Nitrogen (N) and phosphorous (P) metabolism are prominence factor in plant’s growth and development. N-acetyl-gamma-glutamyl-phosphate reductase (A0A078ILF0), aminoacylase (A0A0D3CNP2), and adenylosuccinate synthetase (A0A078EYR1), significantly expressed in this study, are key intermediate enzymes in arginine biosynthesis pathway and purine, arginine, glutamate, aspartate metabolic pathway, respectively (KEGG pathway, Supplementary Table S5). Upregulation of these pathways supports the enhanced nitrogen and phosphorous assimilation by P. indica in the colonized host plant.
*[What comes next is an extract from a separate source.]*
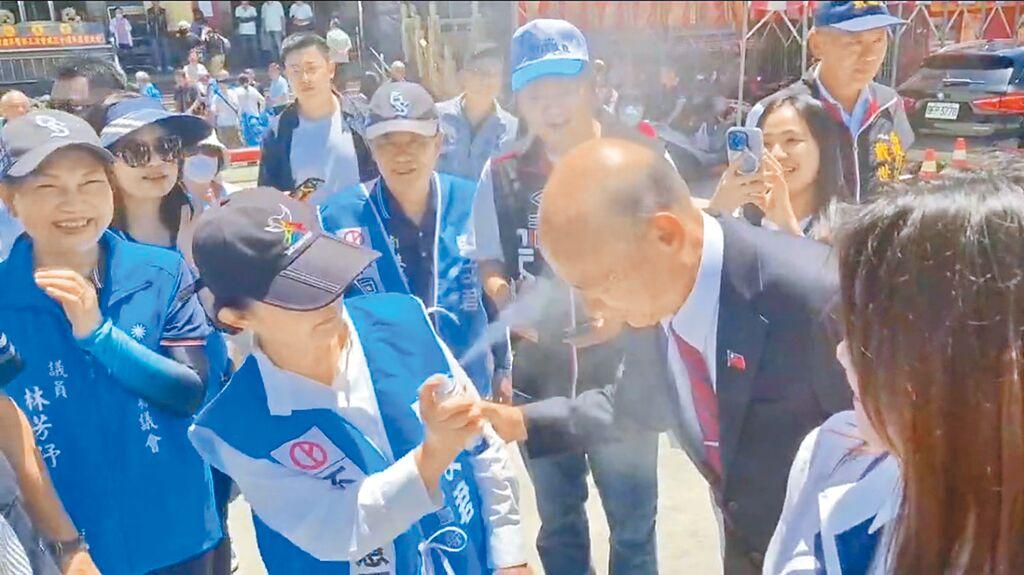 卢秀燕、韩国瑜奔波中投车扫反罢免艳阳高照韩喊头皮晒疼卢帮喷防晒雾现妈妈味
A similar study was performed by Govindarajuluet al.[48] in AM symbiosis and concluded that nitrogen transferred from fungus as ammonium, is used in the synthesis of arginine which further broken down in ammonium and takes part in amino acid biosynthesis.[49,50].
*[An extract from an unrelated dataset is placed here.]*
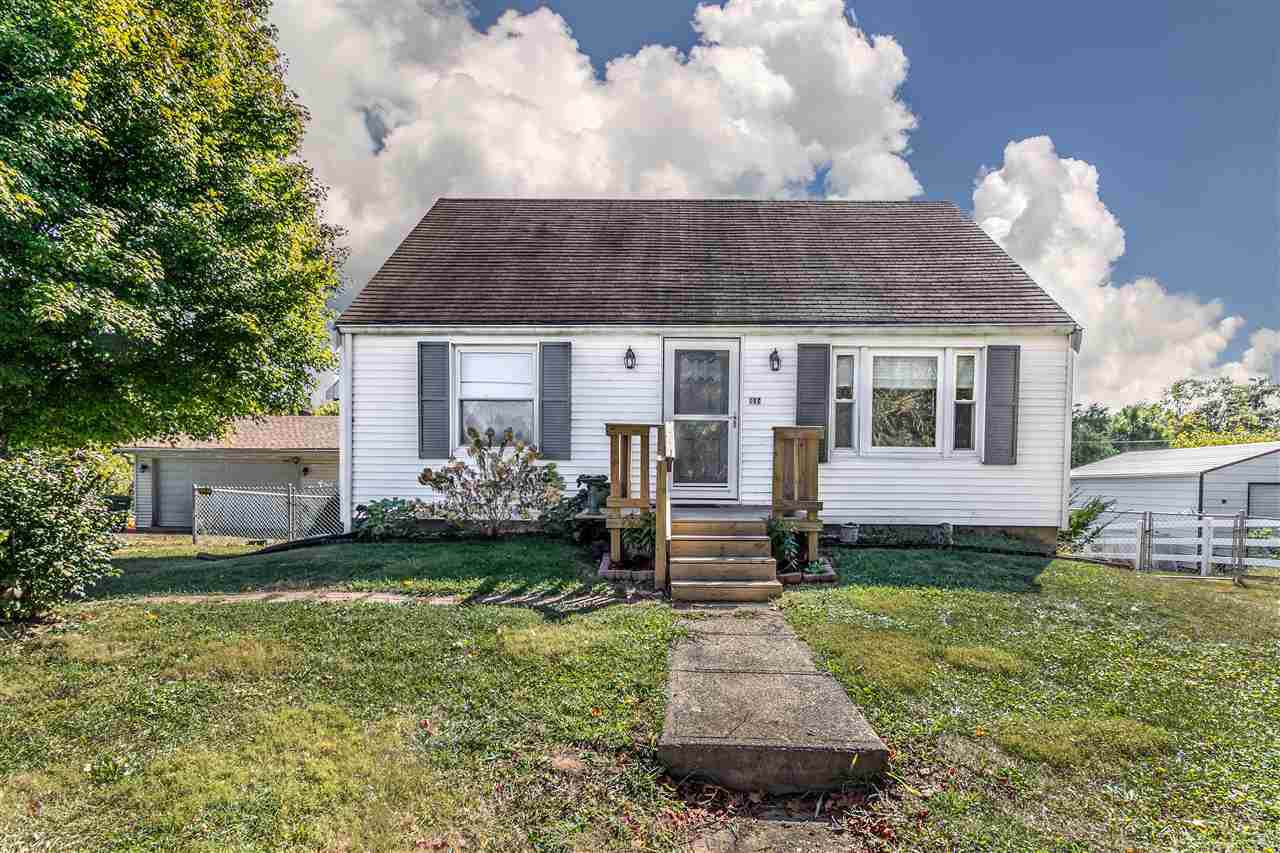 895 Ridgeview Drive - Photo 1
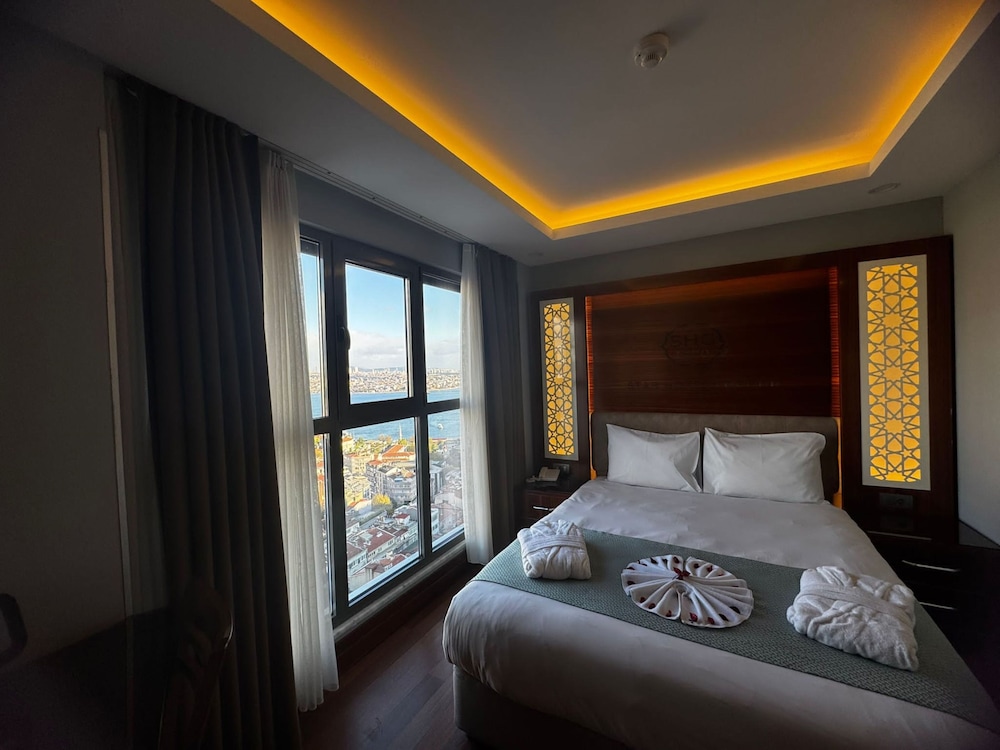 Superior, King Bed, Sea View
Previously, P. indica is reported to enhance phosphorous metabolic enzymes which contribute in higher phosphate uptake in plants[44]. In this study, enzyme glycero-phosphodiester phosphodiesterase GDPDL3 (M4ECA0) is significantly accumulated and helps in catalysis of phospholipids to break down into phosphodiesters, which further lead to release phosphorous by various intermediate steps[51]. Enhanced arginine metabolism and binding ability of arginine with polyphosphate also suggest its role in translocation of fungal phosphorous to host plants[49]. These events advocate that P. indica colonization possibly increase the uptake of phosphorous acquisition. In our previous study, we also reported ~17.58% & ~23.34% more nitrogen accumulation and 25.68% & 30.83% more phosphorous accumulation in B. napus leaves and seeds respectively, as compared to control[12].
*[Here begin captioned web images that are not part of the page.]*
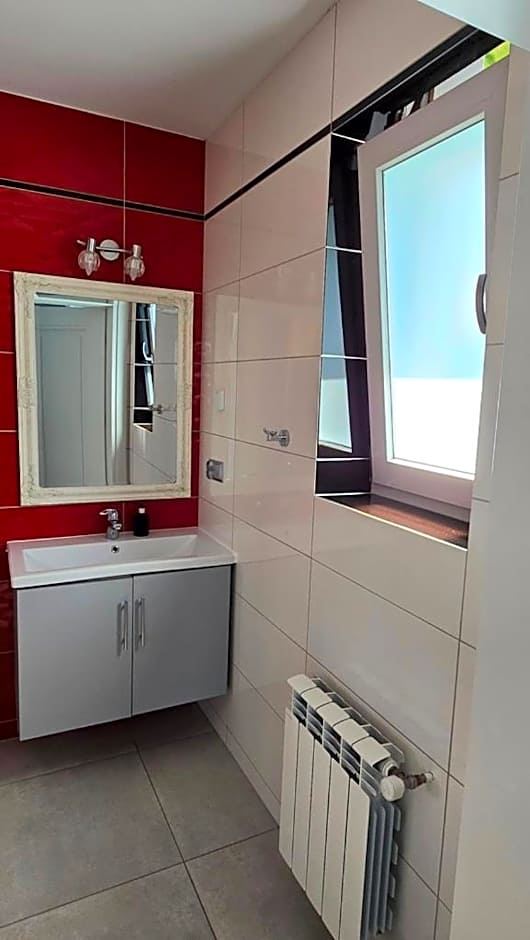 Jaworina- Apartamenty, Domki i Pokoje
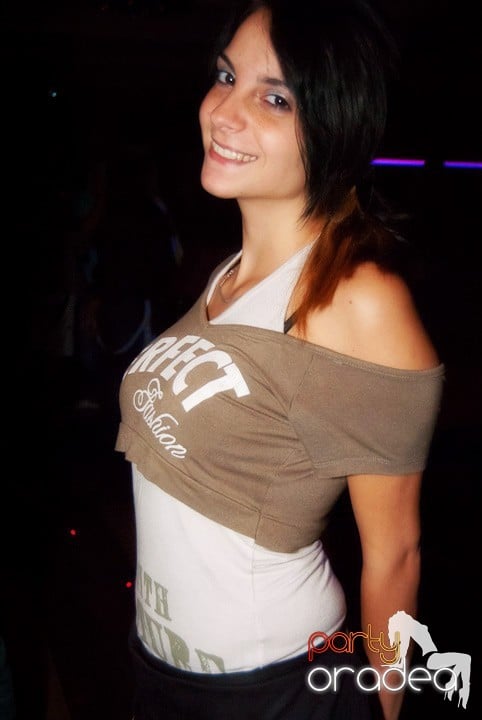 Bacardi Party în Seven, 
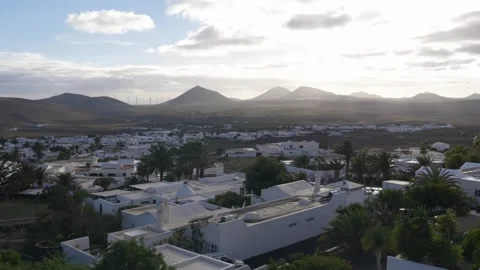 Timelapse Sunset Over Volcanic Landscape and Village Lanzarote 스톡 동영상 331649595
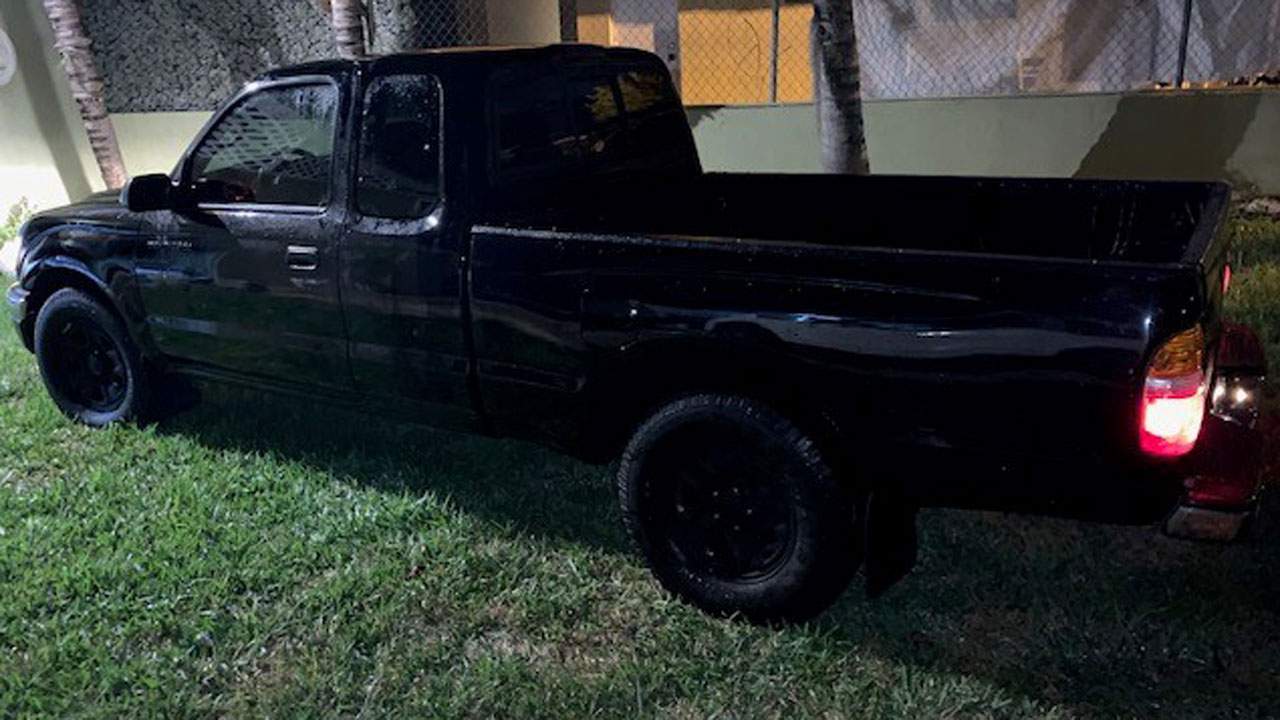 Detectives ask public for help with Miami burglary case
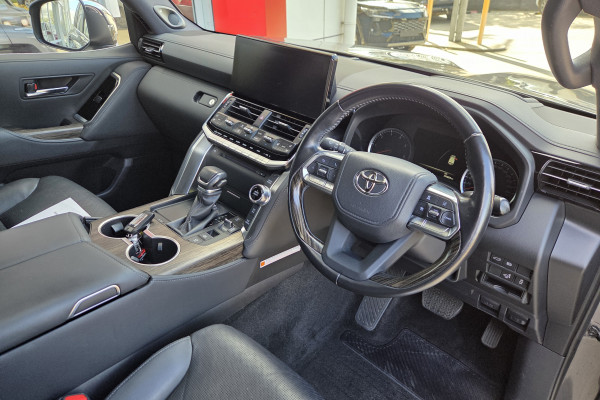 2023 MY24 Toyota LandCruiser FJA300R Sahara SUV Image 20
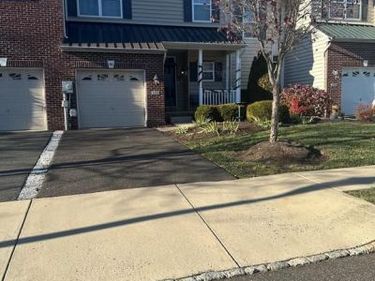 1034 ROSEMONT TERRACE, PENNSBURG, PA 18073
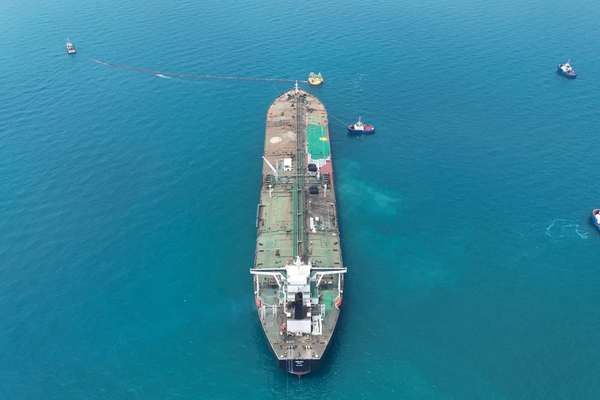 قیمت نفت در سایه ابهام در مذاکرات واشینگتن و تهران بیش از یک درصد افزایش یافت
DEPs in Proteins synthesis and fate

During symbiosis, the RNA binding protein CPB 29B (A0A078IBN1), RNA binding motif protein 8A-B (RBM8A-B) (A0A078I917) and Peptidyl-prolyl isomerase (A0A078GF82) were found significantly accumulated, which take part in protein synthesis and folding (Fig. 6). The CPB 29B is a member of small family cpRNPs which are engaged in RNA regulatory functions and reported in tobacco, associated to RNA stabilization. The cpRNPs bind to target internal sequences of endoribonucleases and protect it from degradation[52]. RBM8A together with Magoh, associated with decapping, methylosome activity, and centrosome maturation, and their deficiency results in G2/M accumulation, followed by cell apoptosis[53]. Nevertheless, Peptidyl-prolyl isomerases are enzymes that are responsible for protein folding by cis-trans isomerization of X-Pro peptide bonds and also bind to mature proteins to control their activity, subunit assembly and localization[54,55]. Other significantly accumulated DEPs are eukaryotic translation initiation factor 3 (A0A078JH45), protein modifier of SNC1 11 (A0A078FBQ2) and DNA ligase 6 (M4CEX3), are important components of cellular protein synthesis and regulation.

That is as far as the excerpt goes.